Post-processing. In the test set, a total of about 900 entities or emerging entities were post-processed (described in Sect. 3.3), resulting that the accuracy improved by 3% points, compared to the models without post-processing.

Amount of Candidates. The top-n candidates are chosen as the results of the candidate generation. If the size of candidates is too small, the correct links will not appear in the list of candidates. In contrast, the more candidates there are, the more noisy links will be added. Therefore, it is important to make a trade-off. Figure 3 depicts the recall score of RIS-ST with different value of n. Based on the elbow approach, we optimize the n to be 8 in our final models.

Hand-off Test Results. Table 3 shows the test results provided by the all ablation models in the shared task of NLPCC 2023. We recommend the elastic search to obtain 8 high-quality candidate sets with indexing options using keywords. The sentence-transformer is used to make full use of the contextual information of wiki text to select reasonable hypotheses from the candidate sets. We also propose that post-processing for tail entities or emerging entities can also improve the overall performance of the model.

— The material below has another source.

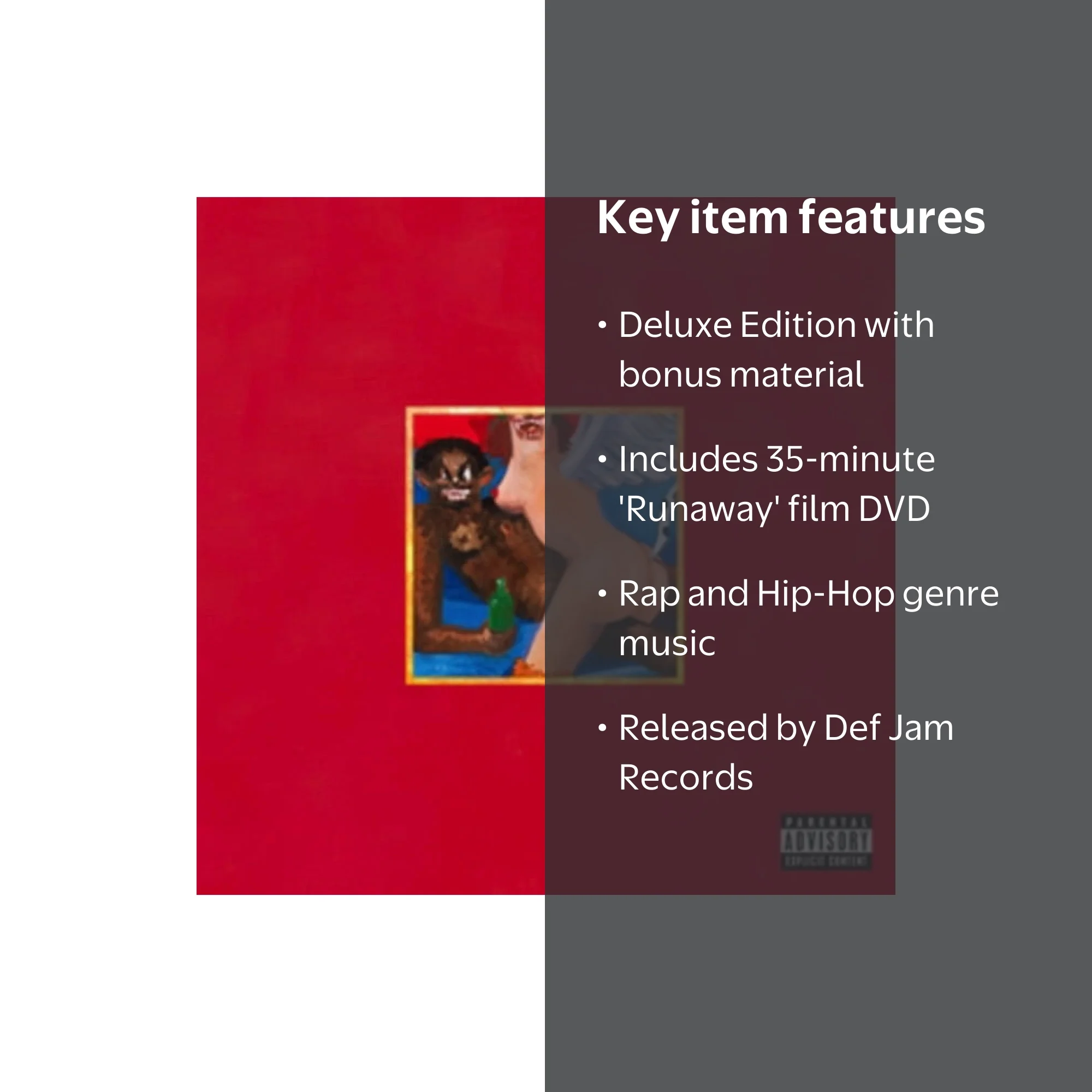 Kanye West - My Beautiful Dark Twisted Fantasy - Music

Table 3. The test results across different models.

5 Conclusion

In this paper, the method based on inverted index and semantic analysis and sorting is proposed for Chinese entity linking. In addition, we discovered that the post-processing shows the significant improvement in the task of entity linking for the newly-emerging entities. Together with the modules and the strategies, our models achieved 53.19% in the share task 6 of NLPCC-2023 Accuracy, and the final model is ranked 3 among all the submission models.